Joute entre Balkany et des membres de la Ligue de défense noire africaine (VIDEO)

Joute entre Balkany et des membres de la Ligue de défense noire africaine (VIDEO)© Eric Feferberg Source: AFP
Le maire de Levallois-Perret, Patrick Balkany, au palais de justice de Paris, le 19 juin 2019.

Une altercation a opposé le maire de Levallois-Perret Patrick Balkany à des membres de la Ligue de défense noire africaine. Dénonçant une agression physique et verbale, l'édile a porté plainte. Deux hommes ont été placés en garde à vue.

Une joute verbale et vraisemblablement physique a opposé le 5 septembre le maire de Levallois-Perret Patrick Balkany et des membres de la Ligue de défense noire africaine (LDNA).

Egountchi Behanzin, l'un des activistes de ce mouvement qui se présente comme luttant notamment contre la négrophobie, a filmé en direct sur Facebook une partie de l'échange. Il a ensuite été arrêté et placé en garde à vue, Patrick Balkany ayant porté plainte.

Le parquet de Nanterre a affirmé à l'AFP que le maire de Levallois-Perret avait été «agressé» le 5 septembre dans sa commune des Hauts-de-Seine et deux hommes, nés en 1981 et 1989, avaient été placés en garde à vue.

Pourtant dans la vidéo de la LDNA, Egountchi Behanzin affirme à de très nombreuses reprises que c'est lui et ses camarades qui ont été agressés par le maire et les personnes qui l'accompagnaient. Selon un communiqué de la LDNA posté sur Facebook, Patrick Balkany les aurait invités à retourner d'où ils venaient, à savoir Saint-Denis, «là où il y a la merde» et aurait ajouté «que la merde ce n'était pas dans sa ville».

Le parquet a transmis une tout autre version à l'AFP. Selon ses informations, l'édile a été «bousculé» vers 17h le 5 septembre et «deux gardiennes d'immeubles sont venues à son aide». Le maire et les deux femmes ont porté plainte, selon la même source, qui ajoute que l'enquête a été confiée au commissariat de Levallois-Perret.

Après un échange «dans le calme», les deux hommes ont «suivi, invectivé et insulté» Patrick Balkany «en ayant des propos insultants et diffamatoires tout en cherchant le contact physique», affirme l'édile dans un communiqué. «L’un des deux hommes a bousculé le Maire et l’a attrapé par l’épaule, cherchant clairement à faire dégénérer la situation».
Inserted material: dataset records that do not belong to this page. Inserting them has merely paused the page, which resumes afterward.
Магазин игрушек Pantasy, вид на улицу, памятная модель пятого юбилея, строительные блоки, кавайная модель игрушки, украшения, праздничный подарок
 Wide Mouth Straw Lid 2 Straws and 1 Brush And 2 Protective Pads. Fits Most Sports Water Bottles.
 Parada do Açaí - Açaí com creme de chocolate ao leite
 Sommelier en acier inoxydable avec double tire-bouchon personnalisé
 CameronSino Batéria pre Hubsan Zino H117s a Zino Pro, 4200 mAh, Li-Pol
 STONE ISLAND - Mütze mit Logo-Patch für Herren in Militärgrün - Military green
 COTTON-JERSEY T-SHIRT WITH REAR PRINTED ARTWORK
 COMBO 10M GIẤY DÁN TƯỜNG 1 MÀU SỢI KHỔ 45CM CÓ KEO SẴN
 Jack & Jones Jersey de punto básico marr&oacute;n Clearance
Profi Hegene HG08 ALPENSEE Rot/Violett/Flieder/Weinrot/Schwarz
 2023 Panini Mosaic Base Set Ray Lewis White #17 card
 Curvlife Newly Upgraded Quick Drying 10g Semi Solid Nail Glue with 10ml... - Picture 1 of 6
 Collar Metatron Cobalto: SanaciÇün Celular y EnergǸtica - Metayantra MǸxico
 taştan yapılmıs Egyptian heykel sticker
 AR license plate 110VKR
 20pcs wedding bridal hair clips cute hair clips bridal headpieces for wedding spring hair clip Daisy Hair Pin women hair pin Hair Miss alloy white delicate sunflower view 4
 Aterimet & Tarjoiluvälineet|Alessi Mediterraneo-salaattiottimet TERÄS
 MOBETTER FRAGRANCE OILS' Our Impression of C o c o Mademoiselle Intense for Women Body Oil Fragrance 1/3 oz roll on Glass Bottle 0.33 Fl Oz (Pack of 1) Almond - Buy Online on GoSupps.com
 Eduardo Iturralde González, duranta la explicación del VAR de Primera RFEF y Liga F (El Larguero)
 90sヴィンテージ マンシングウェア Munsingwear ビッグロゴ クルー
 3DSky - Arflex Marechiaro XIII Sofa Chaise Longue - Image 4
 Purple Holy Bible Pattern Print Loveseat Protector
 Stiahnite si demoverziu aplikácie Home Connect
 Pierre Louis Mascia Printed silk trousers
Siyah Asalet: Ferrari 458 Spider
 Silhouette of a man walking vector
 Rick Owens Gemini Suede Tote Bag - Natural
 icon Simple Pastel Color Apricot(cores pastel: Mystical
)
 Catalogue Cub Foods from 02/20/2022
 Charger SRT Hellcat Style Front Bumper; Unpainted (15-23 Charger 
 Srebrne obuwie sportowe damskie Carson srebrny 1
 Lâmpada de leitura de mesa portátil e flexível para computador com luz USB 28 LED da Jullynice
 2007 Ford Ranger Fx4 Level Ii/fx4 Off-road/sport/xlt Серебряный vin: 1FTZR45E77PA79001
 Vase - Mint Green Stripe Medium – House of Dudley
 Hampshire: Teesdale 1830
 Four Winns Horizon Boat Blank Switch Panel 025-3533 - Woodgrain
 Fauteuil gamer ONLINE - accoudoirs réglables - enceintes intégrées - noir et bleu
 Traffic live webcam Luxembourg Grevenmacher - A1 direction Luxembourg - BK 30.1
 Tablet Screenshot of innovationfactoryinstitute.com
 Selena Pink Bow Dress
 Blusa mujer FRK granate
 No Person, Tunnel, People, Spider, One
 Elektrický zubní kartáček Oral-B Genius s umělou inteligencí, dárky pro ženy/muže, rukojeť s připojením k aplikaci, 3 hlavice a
Les faits, qui restent à clarifier, se sont produits non loin de la mairie, alors que les membres de la LDNA étaient venus interpeller Patrick Balkany sur le cas d'une boulangère, Pauline, qui dénonce des insultes racistes répétées à son égard.

Son témoignage, relayé par la Ligue de défense noire africaine en mars, avait soulevé sur les réseaux une avalanche de commentaires indignés, jusqu’à la secrétaire d’Etat Marlène Schiappa. Installée dans un local de la rue du Président-Wilson depuis 2006, Pauline est en difficulté avec la copropriété depuis une dizaine d'années. Appuyée par la LDNA, elle évoque aussi des pressions pour «partir de Levallois». La mairie est accusée de rester passive dans cette affaire.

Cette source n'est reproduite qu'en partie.